Dr. Jarrett, the gospel rings out to us in Matthew, but also in Bach’s own chosen text for today’s beautiful cantata, Psalm 130, de profundis, out of the depths.  For what shall we listen upon this majestic, mystical Lord’s day?

 

Dr. Scott A. Jarrett, Director of Music:

One of Bach’s earliest vocal works, Cantata 131 draws almost exclusively on Psalm 130 for its text. There are two chorale verse layered within the two solo movements of the cantata, but otherwise Bach sets each line of text with its own motivic and melodic properties. Even at a young age and with little to no experience composing in the genre, Bach reveals his considerable skills in musical form, structure, symmetry, and contrapuntal textures. Of the roughly five sections, the first, third, and fifth movements feature the full vocal and instrumental ensemble. And each of these three movements contains two sections, the first more syllabic and homophonic moving to a second section characterized by polyphony, fugues, melismas, and other hallmarks of contrapuntal maturity. The second and fourth movements feature solo baritone and tenor, respectively. the most interesting feature of these movements is the elegant layering of a chorale tune sung by sopranos in the baritone aria, and then by altos in the tenor aria. The musical effect is similar to hearing a chorale prelude on the organ, with newly composed material ostensibly in the foreground, and the chorale tune on a solo stop entering variously over the course of the piece. Because both soloists and the chorale singers employ texts, the layering takes on a theological, even mystical, purpose. One hears the chorale tune almost as an after-thought, a hazy aural image, whose presence is more subliminal than obvious – is it evocative, sentimental, nostalgic, clarifying, troubling?

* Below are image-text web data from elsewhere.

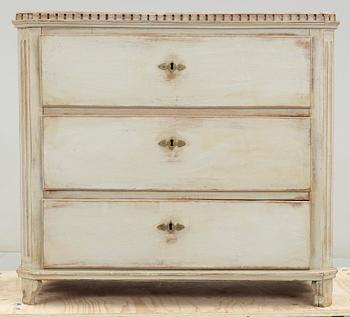 BYRÅ, sengustaviansk stil, 1800-tal.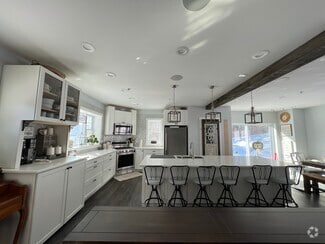 Building Photo - 41 Zapora Dr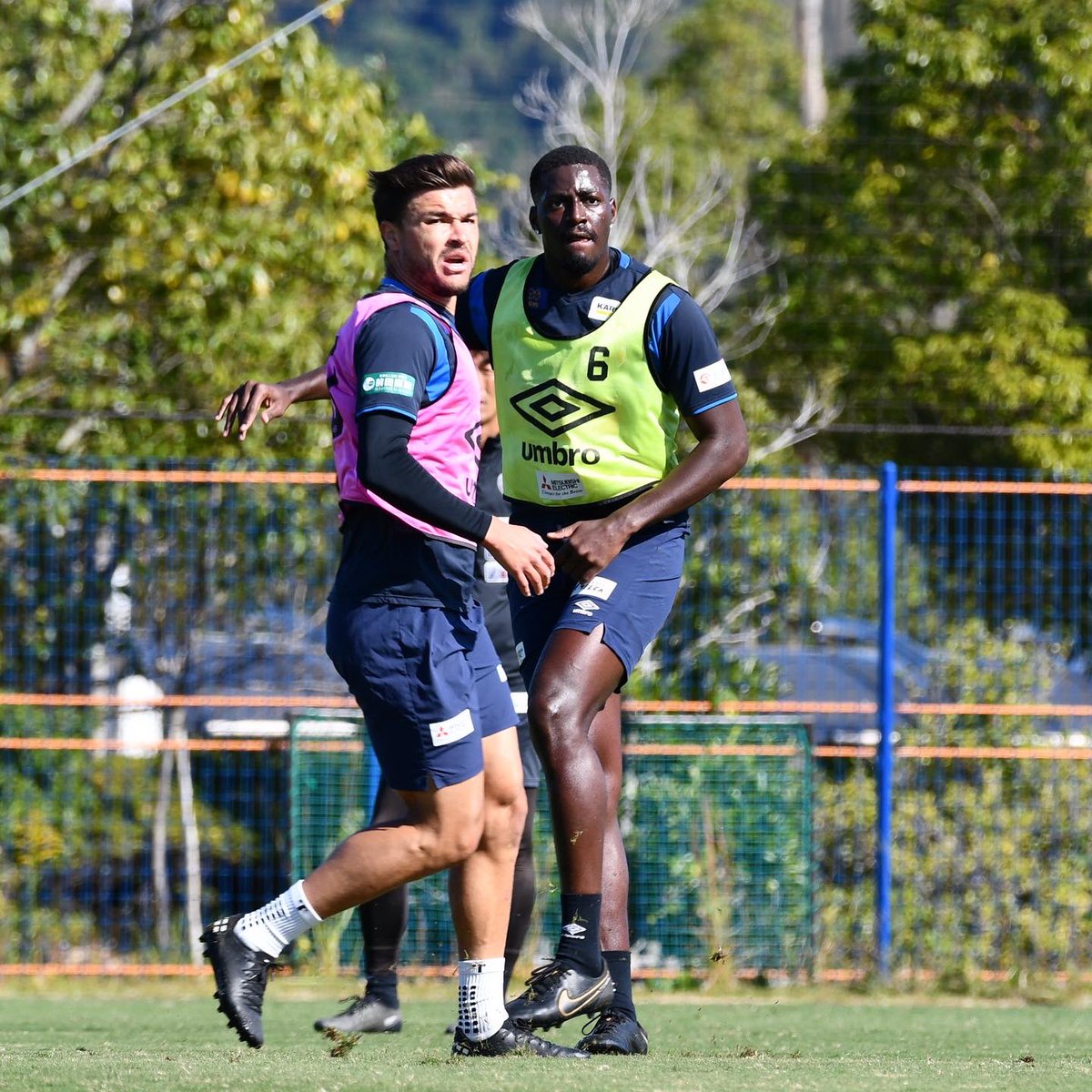 v_varenstaff's tweet photo. 🔹🔸
来シーズンに向けレベルアップするためにトレーニング⚽️
🔹🔸
#vvaren #vファーレン長崎 #長崎 #正々道々 #soccer #football #サッカー #jleague #Jリーグ

https://t.co/BJrzqFQOgm https://t.co/Ixfv1MjvVM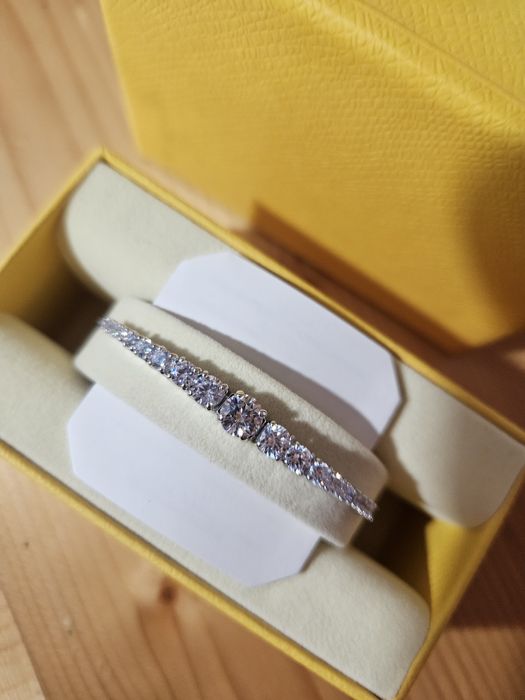 Гривна Swarovski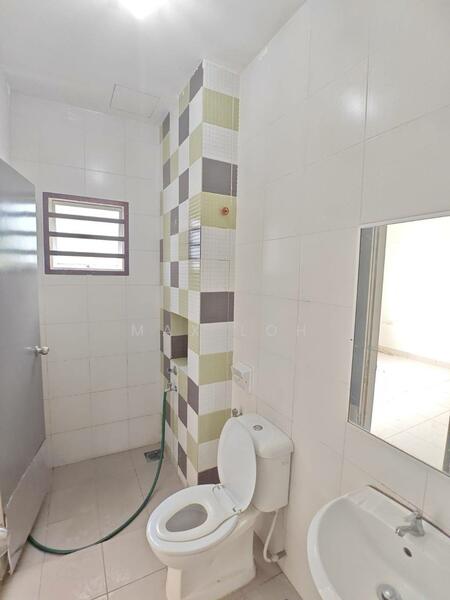 2-storey Terraced House for Sale in Taman Nusa Idaman (Iskandar Puteri (Nusajaya)) - Max Loh - Bathroom - PropertyGuru.com.my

And here is the wonder of Cantata 131 – from the hands of a 22year old Johann Sebastian Bach, the music colludes with the Psalmist phrase by phrase finding each us in our own depths, our own melancholy or despair; and phrase by phrase, our faith is renewed, restored, revived, as we wait upon the Lord assured of his mercy and plenteous redemption. You’ll identify with the sincerity, doubt, or dolor of the fourth movement – I know I’m supposed to wait, but how long? How long until God’s mercy and redemption flow like a river? Just how long until justice rolls down like water?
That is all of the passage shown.